Rep. Myrick Unveils “Wake Up America” Agenda(Washington, D.C.) –
Rep. Sue Myrick (NC-9) released her “Wake Up America” agenda. Rep. Myrick’s goal in releasing her agenda is to alert, and educate, Americans to terrorist threats here at home posed by radical Islamic extremists. This is her agenda, this is not the agenda of the Congressional Anti-Terrorism Caucus.This agenda is the start of Rep. Myrick’s work on these issues. As she moves forward on these points, she will update the public on her findings.

Her ten point agenda is below.
1). Will call for a government investigation of all U.S. military chaplains who were approved by Abdurahman Alamoudi.

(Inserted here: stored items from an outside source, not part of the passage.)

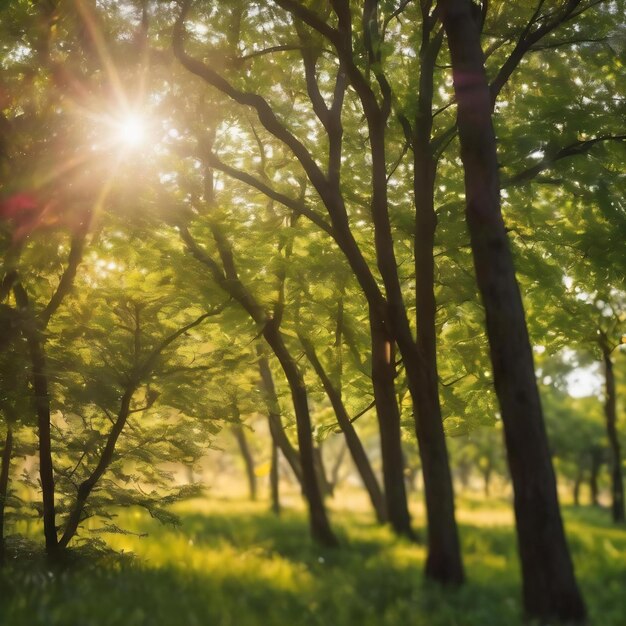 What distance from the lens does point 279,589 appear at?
8531 mm

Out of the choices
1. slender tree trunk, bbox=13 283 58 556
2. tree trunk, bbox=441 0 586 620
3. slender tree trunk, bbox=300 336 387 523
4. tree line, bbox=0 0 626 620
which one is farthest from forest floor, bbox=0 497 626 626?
slender tree trunk, bbox=300 336 387 523

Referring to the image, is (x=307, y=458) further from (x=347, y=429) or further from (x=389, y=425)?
(x=389, y=425)

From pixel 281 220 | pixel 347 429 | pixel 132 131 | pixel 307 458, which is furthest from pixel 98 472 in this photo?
pixel 347 429

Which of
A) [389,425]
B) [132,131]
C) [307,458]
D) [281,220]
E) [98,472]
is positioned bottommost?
[98,472]

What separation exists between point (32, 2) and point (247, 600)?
7708 mm

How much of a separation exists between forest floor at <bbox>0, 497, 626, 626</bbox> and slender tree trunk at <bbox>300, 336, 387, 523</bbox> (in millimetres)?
2286

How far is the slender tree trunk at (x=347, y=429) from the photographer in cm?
1451

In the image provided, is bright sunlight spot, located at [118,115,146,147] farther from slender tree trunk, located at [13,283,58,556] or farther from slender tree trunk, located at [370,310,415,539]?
slender tree trunk, located at [370,310,415,539]

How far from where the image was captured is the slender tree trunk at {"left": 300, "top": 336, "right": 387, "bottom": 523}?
571 inches

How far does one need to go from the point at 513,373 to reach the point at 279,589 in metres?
3.59

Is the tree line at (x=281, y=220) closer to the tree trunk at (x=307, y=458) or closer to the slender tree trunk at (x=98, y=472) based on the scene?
the slender tree trunk at (x=98, y=472)

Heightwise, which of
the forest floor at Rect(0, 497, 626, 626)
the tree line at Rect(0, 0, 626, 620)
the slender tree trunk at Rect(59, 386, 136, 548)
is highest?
the tree line at Rect(0, 0, 626, 620)

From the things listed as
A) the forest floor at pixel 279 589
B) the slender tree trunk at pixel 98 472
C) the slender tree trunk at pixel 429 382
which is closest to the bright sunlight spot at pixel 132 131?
the slender tree trunk at pixel 98 472

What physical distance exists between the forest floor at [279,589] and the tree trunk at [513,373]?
0.57 meters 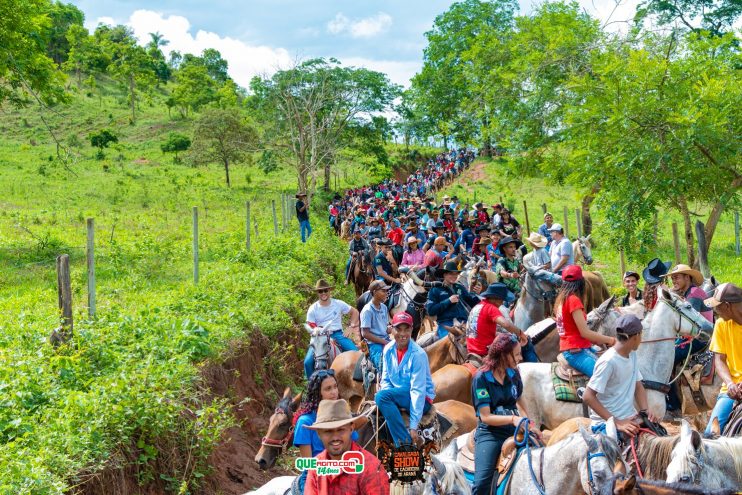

2). Will call for a government investigation of all U.S. prison chaplains who were approved by Abdurahman Alamoudi.
3).
Will call for the Government Accounting Office (GAO) to investigate the selection process of Arabic translators in the FBI and DoD.
4). Will call for the Internal Revenue Service to investigate the Council on American-Islamic Relations’ (CAIR) 501(c)(3) non-profit status which restricts “lobbying on behalf of a foreign government.”
5).
Introduce a bill to make the preaching, publication, or distribution of materials that call for the death of American citizens, attacks on the United States Government or Armed Forces, or the financing of the means and/or operations to accomplish these acts, acts of sedition and/or solicitation of treason.
6). Will call on the Government Accountability Office to conduct an audit to verify the total sovereign wealth fund investment in the United States.
7). Will attempt to cancel scholarship student visa program with Saudi Arabia until they reform their textbooks.
8). Will introduce a bill to restrict R-1/R-2 religious visas for imams who come from countries that do not allow reciprocal visits by non-Muslim clergy.
9).
Will introduce a bill to cancel contracts to train Saudi police and other security forces in US Counterterrorism tactics until the Saudi’s certify the prosecution of Al Qaeda financiers, like Yasin al-Kadi, and the detention of repatriated Guantanamo terrorists that keep being released into the general population after being “rehabilitated.”
10). Will introduce or sponsor a bill to block the sale of sensitive military munitions, especially Joint Direct Attack Munitions (JDAMs), to Saudi Arabia.